| DATA SHOWN |
********************
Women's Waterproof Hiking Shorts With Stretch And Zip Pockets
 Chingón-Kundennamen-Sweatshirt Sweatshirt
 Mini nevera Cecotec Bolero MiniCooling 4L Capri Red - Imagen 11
********************
| TASK GOAL |
Could you output the lines above, exactly as written, from the one containing "Chingón-Kunden" through the last, with both ends included and no others?

| SOLUTION TO THE EXERCISE |
 Chingón-Kundennamen-Sweatshirt Sweatshirt
 Mini nevera Cecotec Bolero MiniCooling 4L Capri Red - Imagen 11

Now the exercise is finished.